Kloppy Integration by UnravelSports · Pull Request #161 · floodlight-sports/floodlight

UnravelSports · 2025-06-05T08:10:21Z

I've been working on #160. Please find the draft in this PR.

It contains 2 files:

floodlight.io.from_kloppy
from_kloppy.ipynb to simply run everything and check it out.

I also have some questions:

What is the purpose of "precedence" in the Teamsheet creation? Does it matter that we simply use the kloppy PositionType enum to order here? This does do GK, DF, MF, FW, but the order within each line is for example LB, RB, LCB, RCB.
Does floodlight enforce or rely on some specific orientation? I.e. home left, away right for the whole game?
Does floodlight enforce or rely on a specific coordinate system with pitch dimensions? I'm currently transforming to "secondspectrum", because it seems your Pitch object needs a string name and "secondspectrum" is supported.
I assume we rely on Period start and end frame ids? Are they really necessary, or only for creating XY objects?
Does floodlight record different metadata for event and tracking data? (e.g. frame rate)
Does floodlight not support z coordinates?
I noticed In some xy_objects we have "HT1" "HT2" (e.g. second spectrum) and in others we get "firstHalf" and "secondHalf" (e.g. in IDSSEDataset). Does this matter?
For events:
- What is the purpose of eID and would it matter if we simply use kloppy EventType for this?
- Is gameclock seconds since start of period?
- Is outcome 1.0 and 0.0?
- How much would it matter if timestamp is not a datetime, but a timedelta instead?
- Is qualifier simply the raw event we get?
Tests are still missing

manuba95

Hey @UnravelSports!
Thanks for the suggestion and the PR, I think this would add a lot of value to both Kloppy and floodlight! I added some specific comments below (mostly cosmetic) but also have some general ideas we should consider before a merge.

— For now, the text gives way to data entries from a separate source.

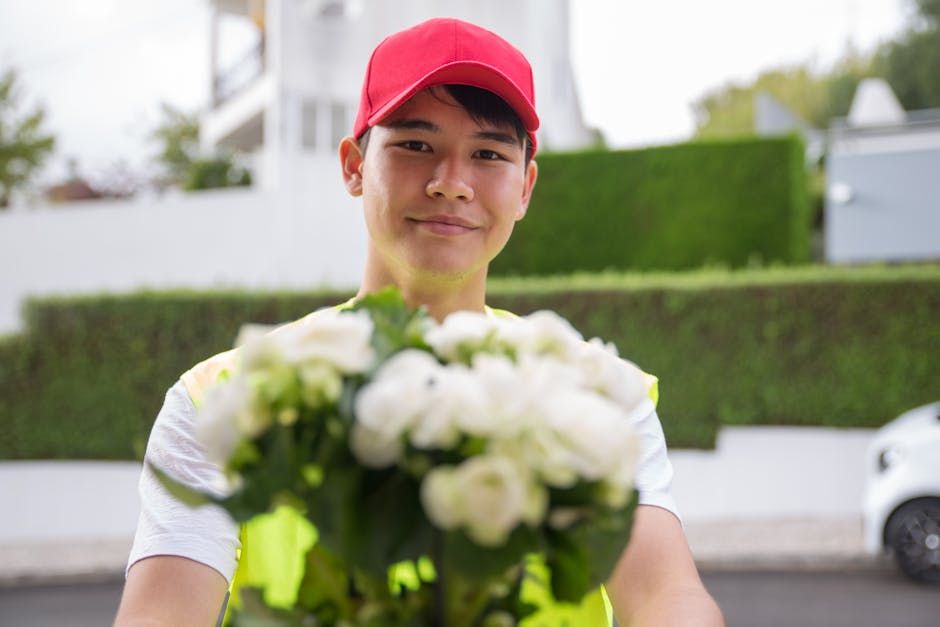 A delivery person wearing a red cap and a reflective yellow vest is holding a bouquet of white flowers with green foliage, extending it towards the camera. The bouquet appears fresh, with delicate pet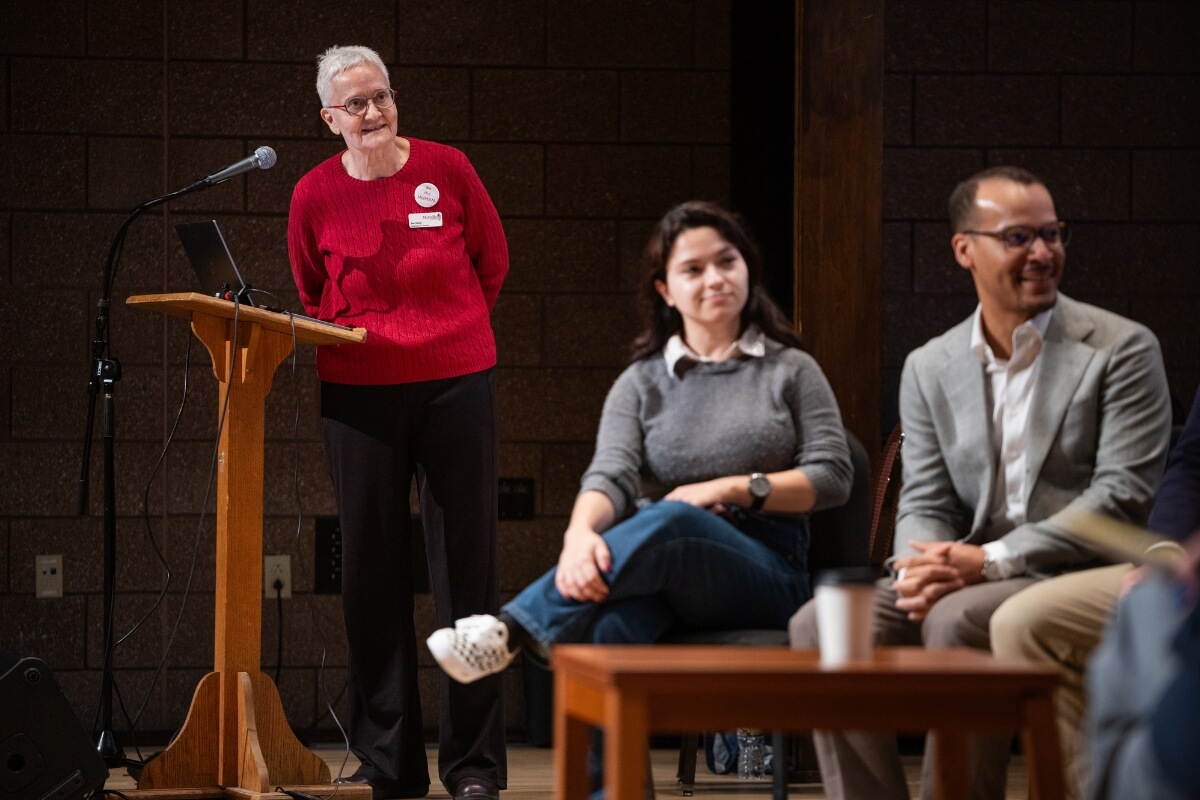 Photo of Jan Taylor looking at two people in the foreground, seated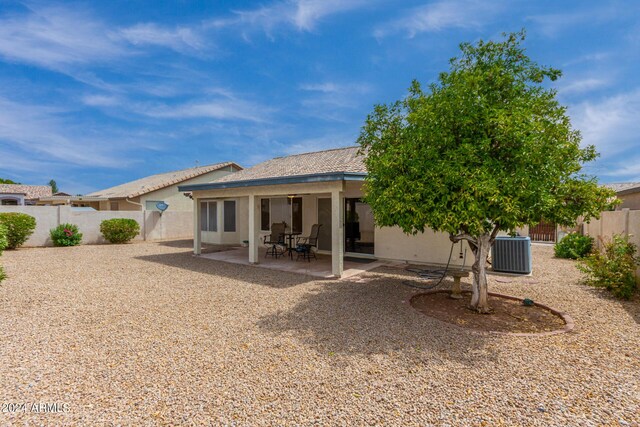 back of house featuring central AC unit and a patio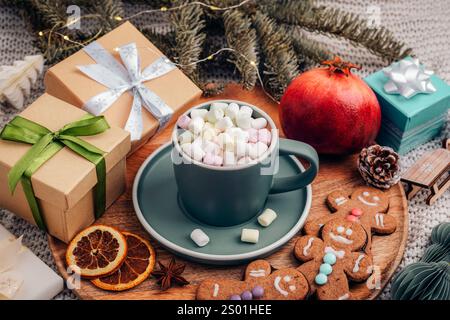 Flacher heißer Kakao mit Marshmallows umgeben von Weihnachtsgeschenken, Lebkuchenkeksen und festlicher Dekoration. Draufsicht. Stockfoto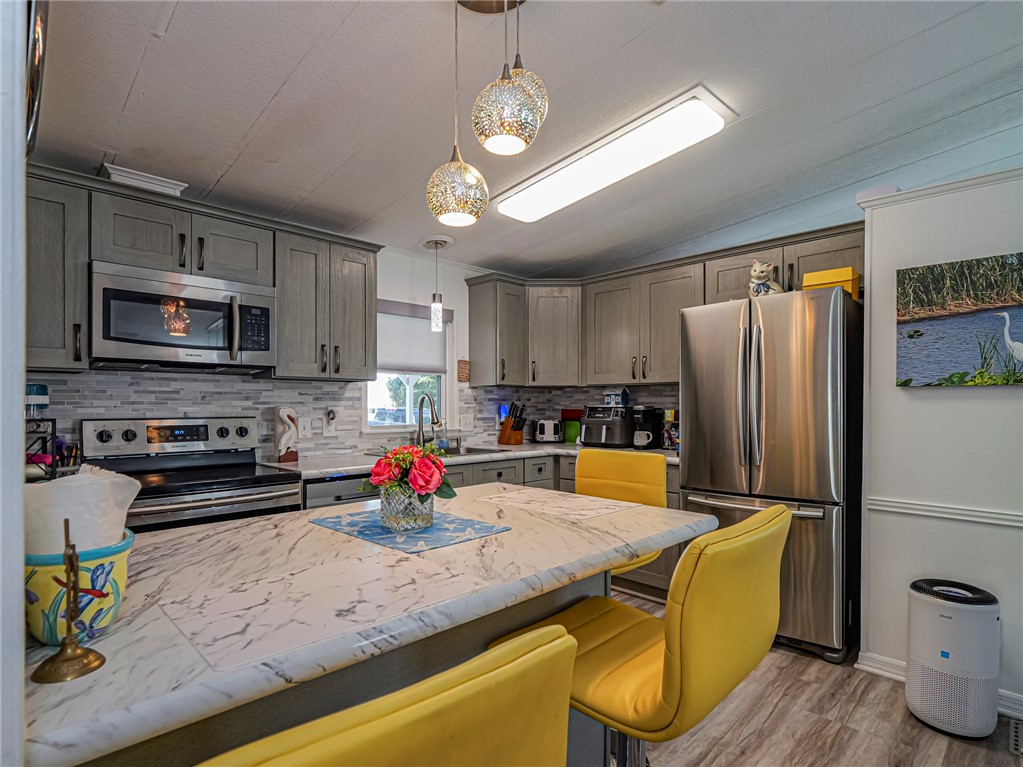 409 Avocado Drive Sebastian, FL 32976 - Photo 16 of 35 a kitchen with stainless steel appliances granite countertop a refrigerator a stove top oven a sink dishwasher and white cabinets with wooden floor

My main concern is that this is currently very taylored towards a two-team (home/away) scenario. Although this may be the use case for many official data providers, future GPS/LPS data support of Kloppy may result in different team (and period) constellations. I think it's worth thinking about how to generalize this PR now, so any number of groups and periods can be supported. I also left some comments about this below, but please let me know what you think about this as this would probably be the largest refactoring of your PR!

To answer your questions:

I think "precedence" was used specifically in the secondspectrum parser to have a rule on how the xIDs are sorted. This seems to be a legacy from my point of view since the introduction of Teamsheets. But I have to say, I was not involved in this parser so maybe I am missing something. I generally don't see any value of adding this logic to the kloppy bridge.
We don't rely on a specific orientation but that the x-axis is the longer side of the pitch
No, the origin of the Pitch coordinate system gets defined by the x/ylim argument. The scale can be set by the length/width and unit arguments. Also see my comment below regarding the get_pitch function.
I am not sure I understand the question. For the first creation of the XY array we need the number of players an number of frames. The latter could be extracted from the first and last frame ID or (as you do) from the length of the df. Please elaborate if this doesn't answer your question.
Yes, different metadata is stored as attributes of the Core objects (e.g., framerate is an attribute of the XY object). But I don't think they would differ between data from the same provider (e.g. framerate in XY and possession Code from the same provider should be the same)
We do not support z coordinates
Yes, I commented on that below as well. We are currently not very consistent with the period naming. I think for now it does not matter to much but streamlining this terminology could be a future project, For now, you could go with the terminology used in Kloppy ("Period_1" or similar). Honestly, I currently don't have a really strong opinion on this.
Events: I will comment on this later!
Tests: We currently don't include unit tests for our parsers mainly for data availablity reasons (which is not optimal!). Some ideas on how to test the kloppy bridge would be appreciated!

General minor comments:

Please merge into develop and add conventional PR name (e.g., "feat: Kloppy integration")
Please check codestyle with Black and flake8

Thanks again for your work, I hope we can include this soon!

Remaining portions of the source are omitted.